The problem now is that the previous owner was a good boy and followed the directions he read in the model car magazines and sanded before he painted--not on all coats, but at least on one color change. As a result, the door handle and Camaro script on the passenger side are pretty much gone, as well as the fact that the finish is, well, sanded. guess I gotta learn the finer points of plastic polishing. I know this isn't gonna be a mint condition resto, but I'm hoping to at least make it presentable so it looks good running around the track. It's probably the only way I'll ever have an original Aurora lime green Camaro, and the fact that I got it for $1 just makes it that much more tasty. 

--rick


----------



## Bill Hall (Jan 6, 2007)

No worries Rick....it'll be aw-ight!

Appears that there are some door handles left and they should dot up nicely with some Testors Argent silver as will the rockers. A #000 artist's brush, and a steady hand will get you there. If ya botch it just wipe it off and start over.

Once you have her picked clean I'd carefully mask the micro details and decide whether your gonna spare or kill the mold lines. Remember that rubbing compound and a sharp toothpick can really help get your seams clean. 

Initially wet sand ONLY what needs to be done! At a first glance it appears like you've got some areas that will require that you start at 600. Again work only the areas that require 600. I use an old stainless salad bowl filled with cool water and a splash of dish soap to keep your paper clean. I put an old towel across my lap cuz ya will slop and slobber some.

Put your "readers" on and relax... to do it right requires patience. Be gentle! More strokes using less pressure! Ya want those vent posts to survive. I dont scrimp on the paper if it's worn replace it. You'll feel it when it's not cutting or fouled. Remember that it takes as long as it takes. At least an hour or three depending on condition. 

Once the gerfs and gouges are feathered out using 600 I dry things off and have a looksee for misses and ommissions. I also dry things off and have a look during the individual stages as required....I hate backing up to fix or re-spot little areas. 

Begin anew by spot sanding the 600 areas with 1200 and pull the feather edges out wider. I like to change direction between grades. While I always change direction frequently when sanding I like my final passes of a stage to lay opposite to the direction of the following grade. This makes misses pop right out so you can correct them. Once the bad spots are feathered out in 1200 you can now begin sanding the entire car save for your masked detail areas and pull the entire car's surface together in one even scuff. 

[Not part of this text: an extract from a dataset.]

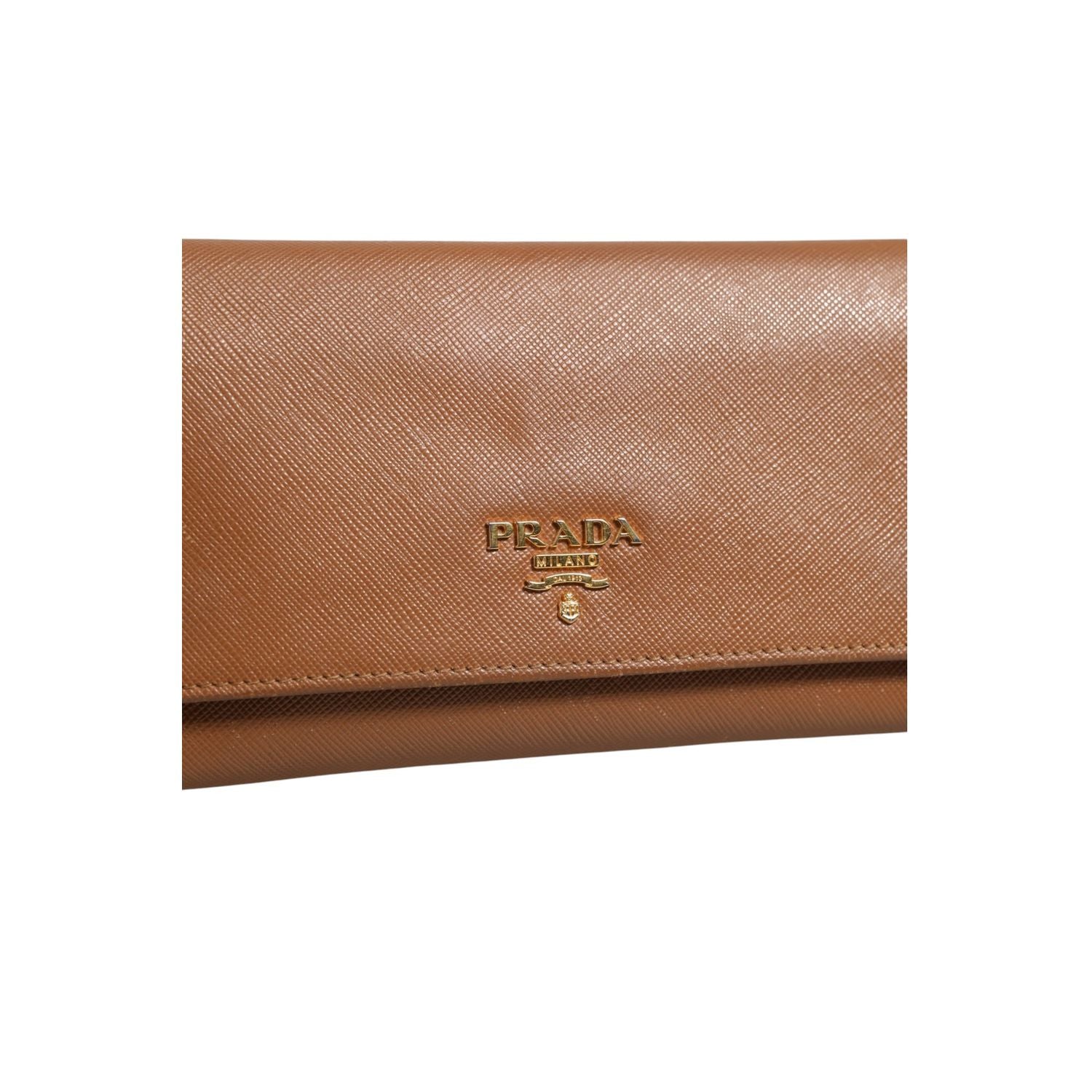 Prada Brown and Gold Wallet Strap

Depending on what finished look I'm after I end at 1500 or 2000. 1500 is about right for a standard factory look. Ideally you will have ended with your finish stroke in the North to South direction.

The polishing "how to" in Model Murdering shows two of the three steps ommitting the first coarse stage. I recommend you practice on a scrapper to aquire the feel.

1. Keep your pad moving at all times.
2. Keep your pad rotation so that it pulls off the work piece.
3. Use a light touch at all times
4. Keep the pad cool and moist at all times and DO NOT allow it to dry out.

Good luck!:thumbsup:


----------



## ParkRNDL (Mar 20, 2002)

*Model Murdering to the rescue!*

This is about as far as the SnS was going to get with this one, because the body had been sanded:














































I think part of the problem is that I get impatient, and try to scrub/scrape stuff off before it's ready. If I'd throw the the body in the soup and leave it for like a week, it'd come off much easier. But just like when I was a kid, I want to see it done NOW. I come back and pick at it every couple hours, and the stuff gets smeared and I damage the surface of the body, etc. This one was made worse by the fact that it had sanding damage. But then I followed Bill's advice...

(more to come)


----------



## ParkRNDL (Mar 20, 2002)

...and when I hit it with 600 grit wet, this is where I'm at:














































Wow. It actually looks like it may clean up okay. Hey Bill, a couple questions, if you're reading:

1. Since these pics, I have hit the roof with 1200 and it looks ALMOST like it would shine, but not quite. Is there a big difference between the 1200 and the 1500? Or is there a step after the 1500, like to polish it with something? If so, what? _Edit: Duh, I finally made it to the post on polishing in the Model Murdering thread. I see that yes, you polish it with a Dremel. I might have the pads downstairs in my Dremel stuff, but I don't have the polish, which leads me back to the next question:_ 

2. Once it's all sanded, would it be a good idea to dip the whole thing in Future to get a shine on it? I did that with an Eldon Camaro that was actually molded in metallic blue once I stripped flat the brown brush paint off it, and it came out great... _Edit: could the Future be done in place of a final polish? Or will weird things happen?_

thanks in advance...

--rick


----------



## ParkRNDL (Mar 20, 2002)

*i cheated...*

...but i learned, and i answered my own questions, so maybe that's ok.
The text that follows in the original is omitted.